## ACTIVITY
Write out the line that holds "Home Remedies For Jaundice In Adults" together with every line that follows it to the end of the material below, exactly. Omit the pictures.

[Start of Attachment]

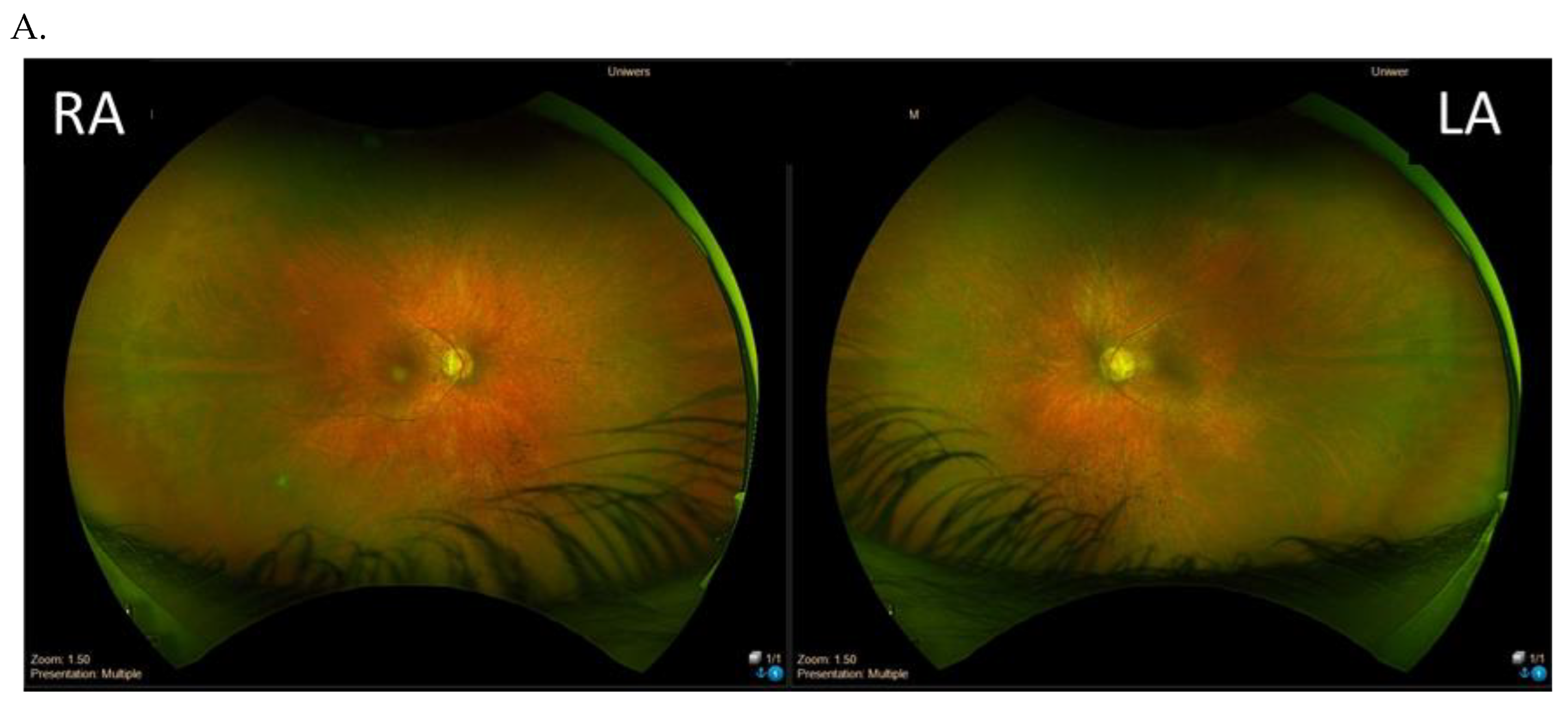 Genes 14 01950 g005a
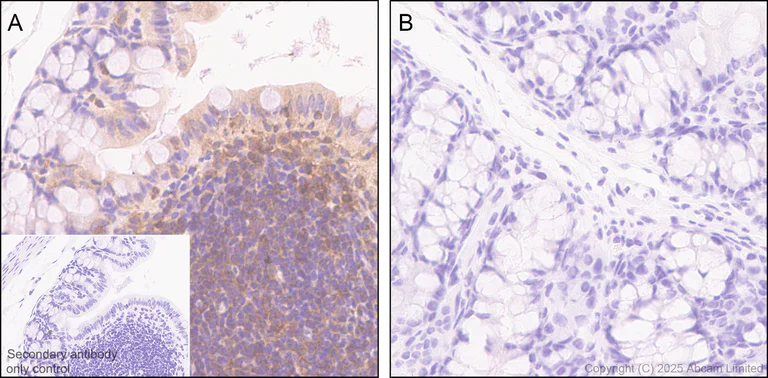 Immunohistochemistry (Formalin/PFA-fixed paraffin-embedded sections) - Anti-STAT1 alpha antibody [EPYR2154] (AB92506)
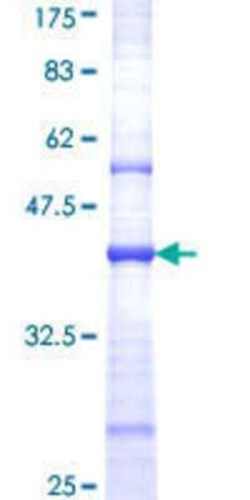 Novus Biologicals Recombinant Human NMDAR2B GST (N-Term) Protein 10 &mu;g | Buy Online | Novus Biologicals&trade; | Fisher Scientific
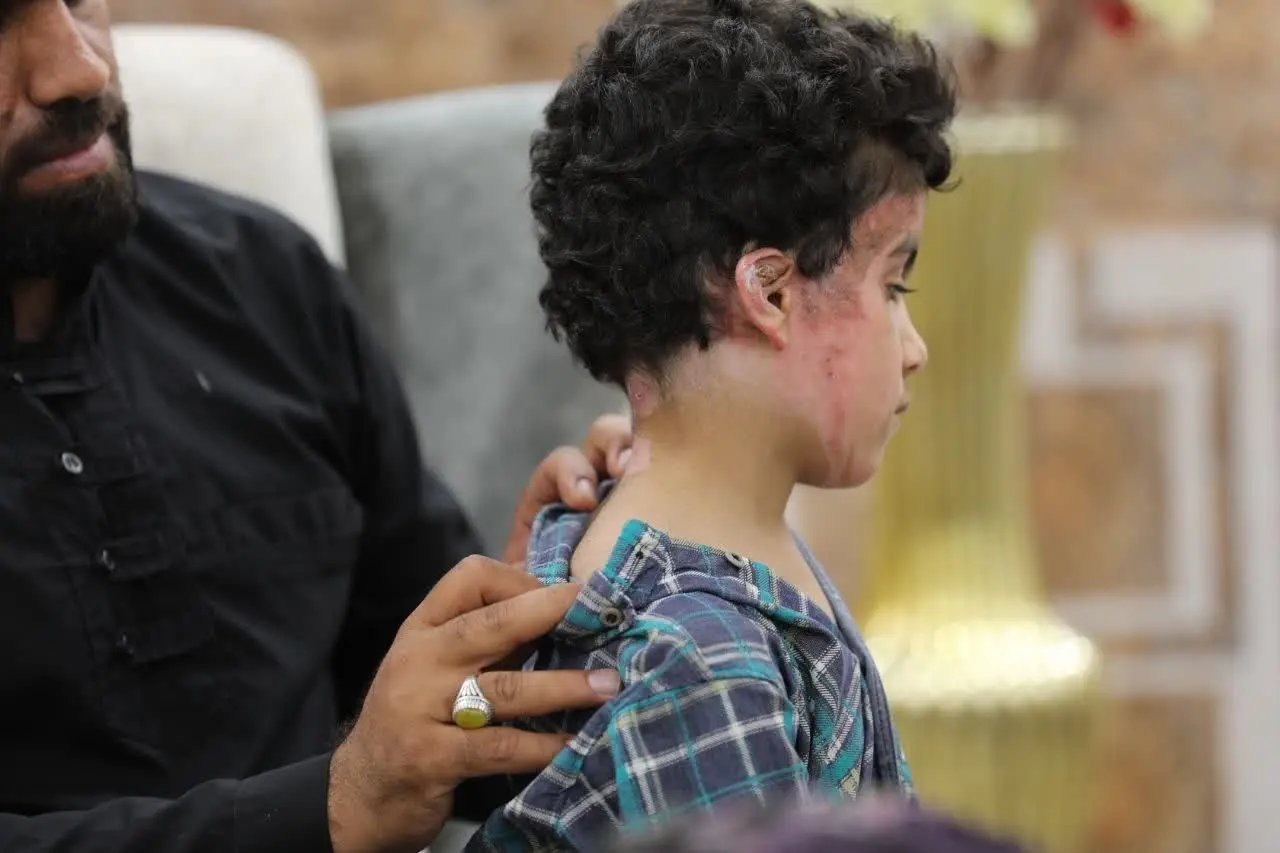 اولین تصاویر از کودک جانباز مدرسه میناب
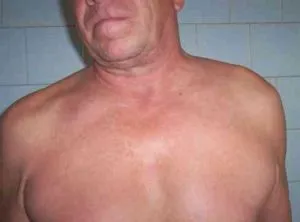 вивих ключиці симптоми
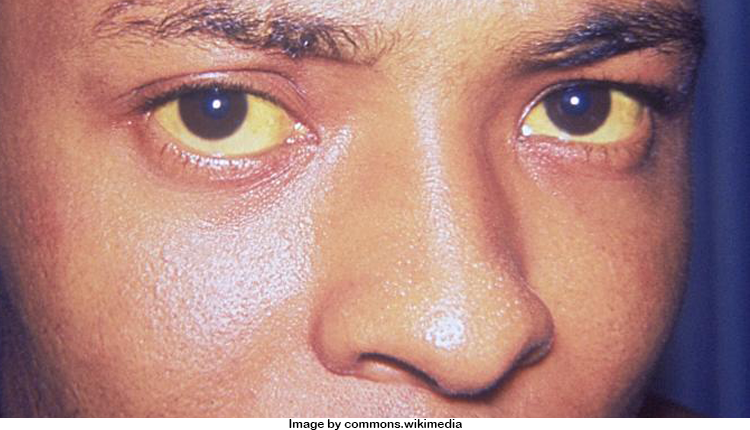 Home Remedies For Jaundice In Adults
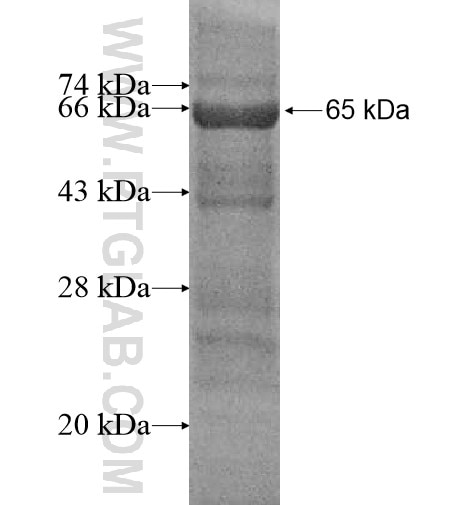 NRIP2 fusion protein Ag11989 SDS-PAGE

[End of Attachment]

## TASK RESPONSE
 Home Remedies For Jaundice In Adults
 NRIP2 fusion protein Ag11989 SDS-PAGE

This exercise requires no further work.